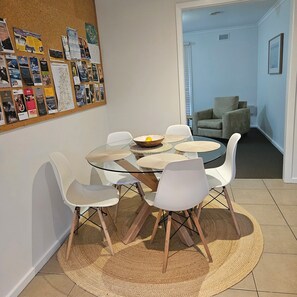 Dining - Mornington peninsula getaway (Frankston)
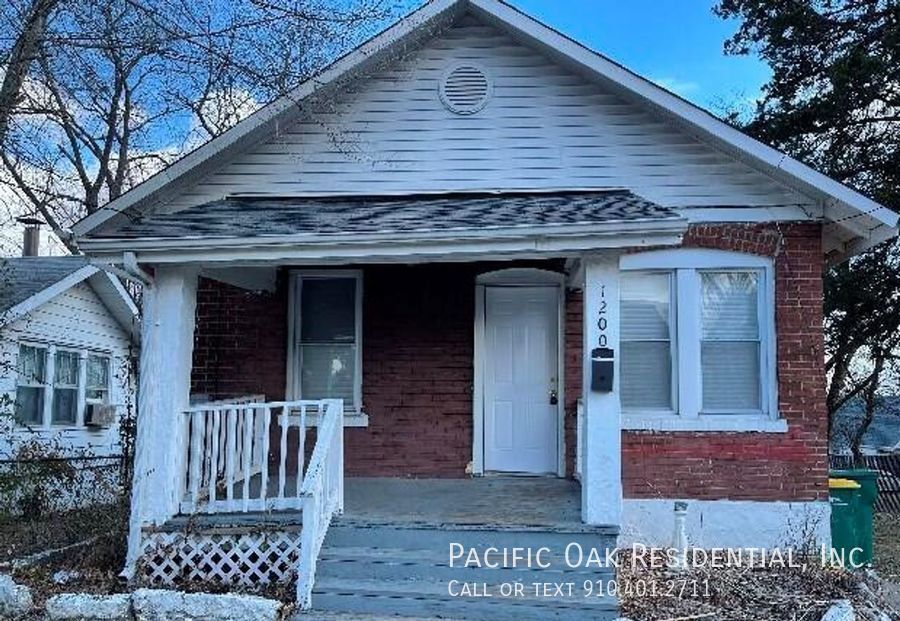 RENT SPECIAL Half Off a Month’s Rent House for Rent in Pagedale, MO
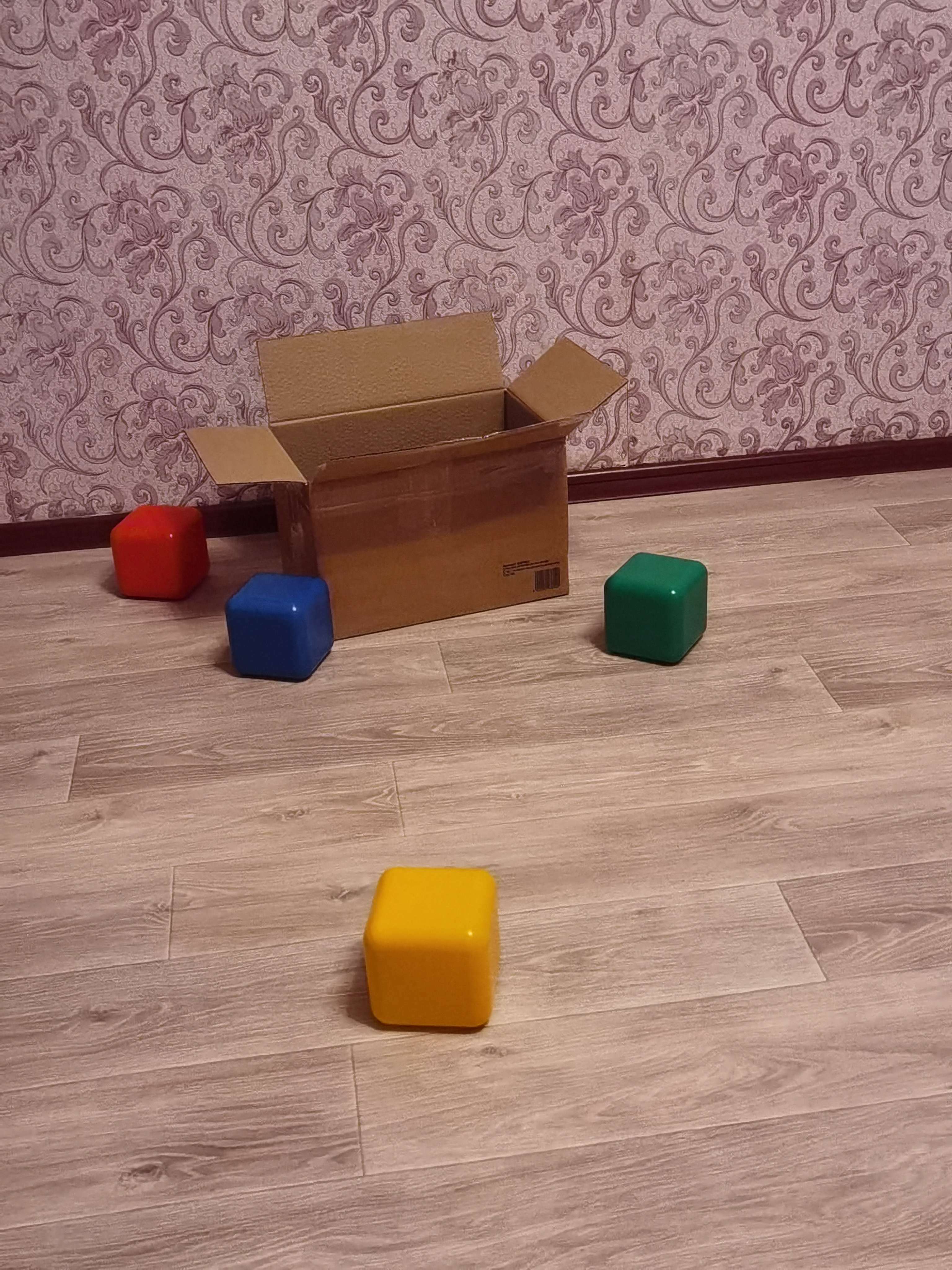 Фотография покупателя товара Набор цветных кубиков, 10 штук 12 × 12 см - Фото 1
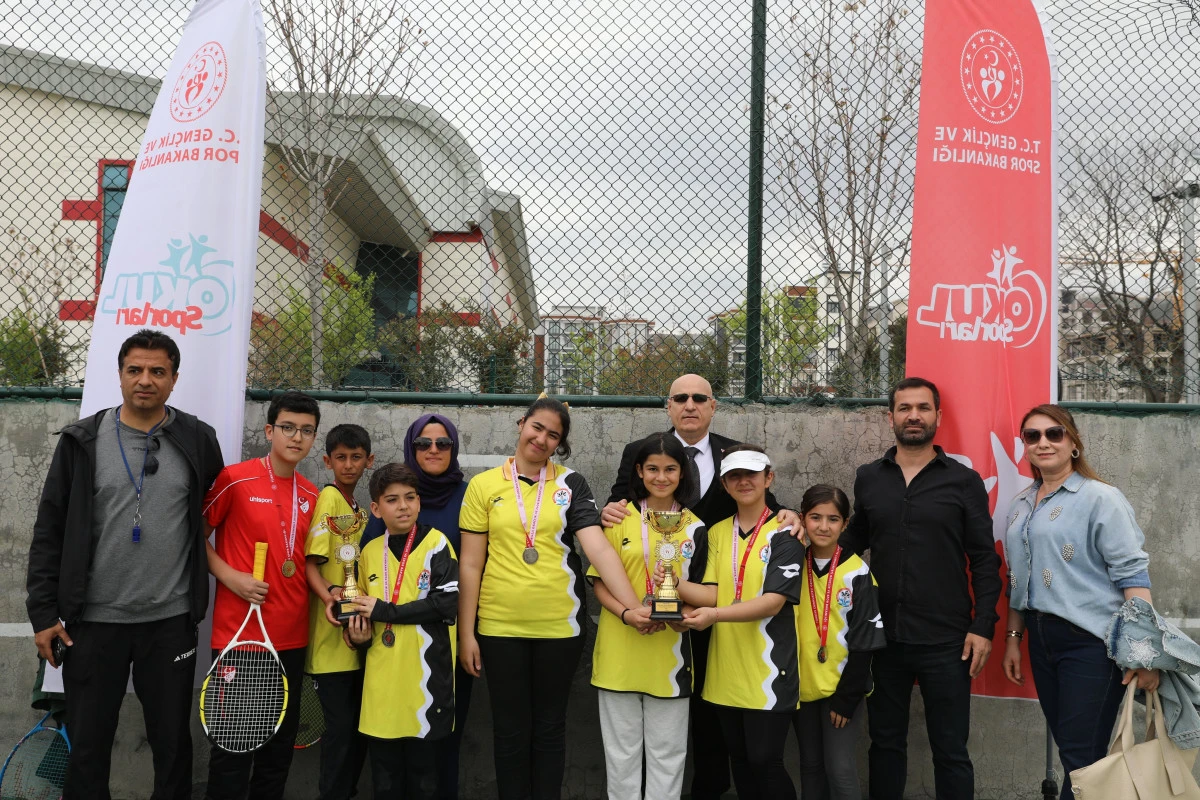 Adıyaman&rsquo;da Minikler Tenis M&uuml;sabakaları B&uuml;y&uuml;k Coşkuya Sahne Oldu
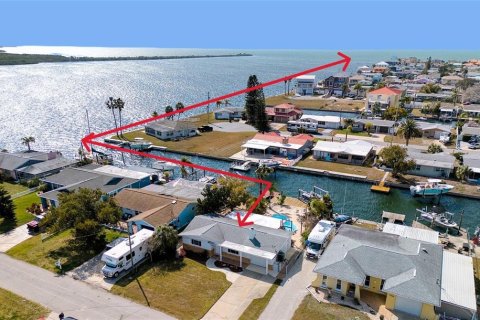 House in Hudson, Florida 2 bedrooms, 118.36 sq.m. № 2147459 - photo 4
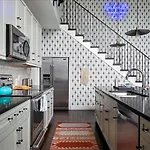 Vibrant Penthouse In 12 South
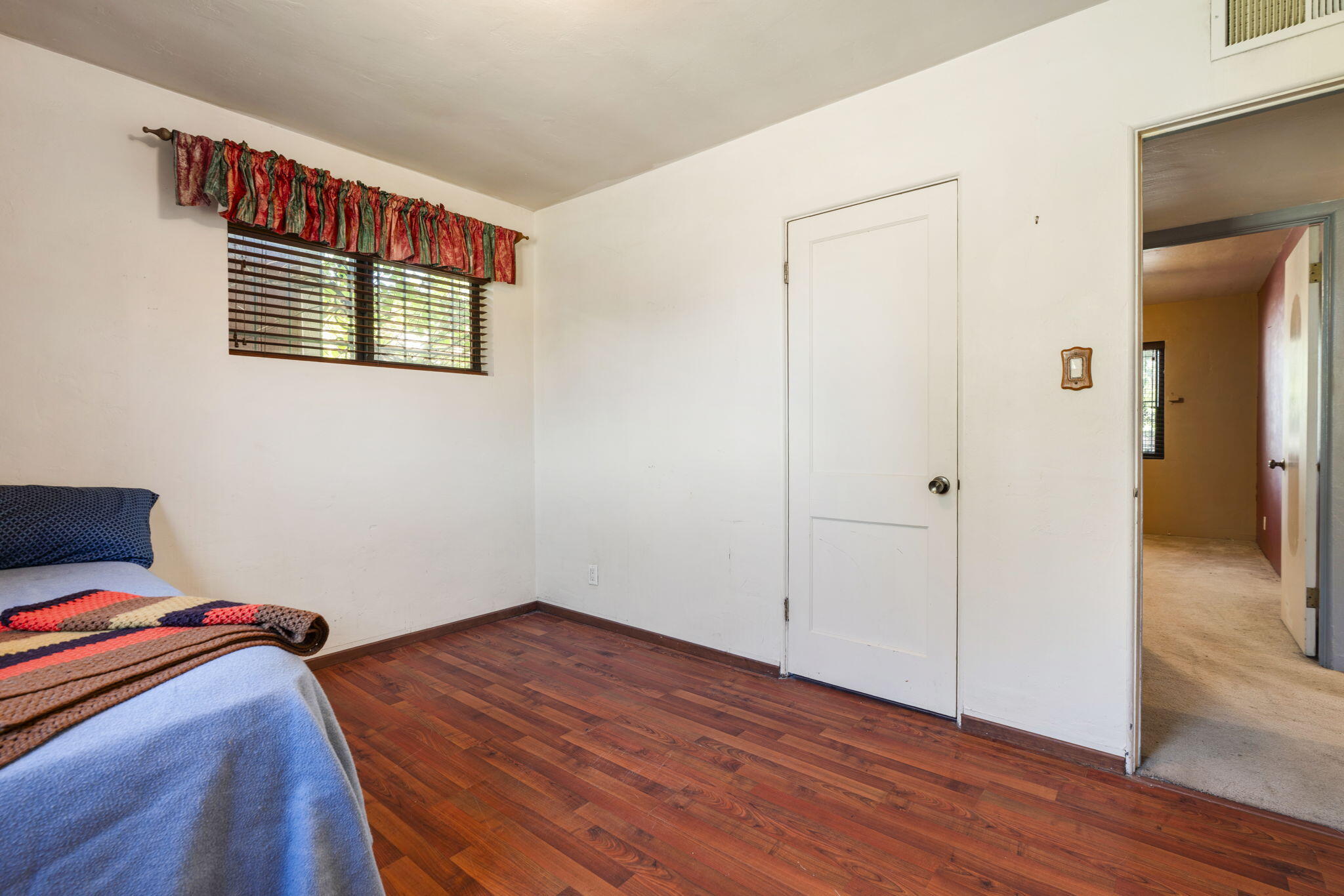Photo 12 — 5803 Princess Jeanne Avenue NE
=======
ASSIGNMENT ▸ Give back the full listing above word for word, and let no picture through.

ANSWER FOR THE TASK ▸
 Dining - Mornington peninsula getaway (Frankston)
 RENT SPECIAL Half Off a Month’s Rent House for Rent in Pagedale, MO
 Фотография покупателя товара Набор цветных кубиков, 10 штук 12 × 12 см - Фото 1
 Adıyaman&rsquo;da Minikler Tenis M&uuml;sabakaları B&uuml;y&uuml;k Coşkuya Sahne Oldu
 House in Hudson, Florida 2 bedrooms, 118.36 sq.m. № 2147459 - photo 4
 Vibrant Penthouse In 12 South
Photo 12 — 5803 Princess Jeanne Avenue NE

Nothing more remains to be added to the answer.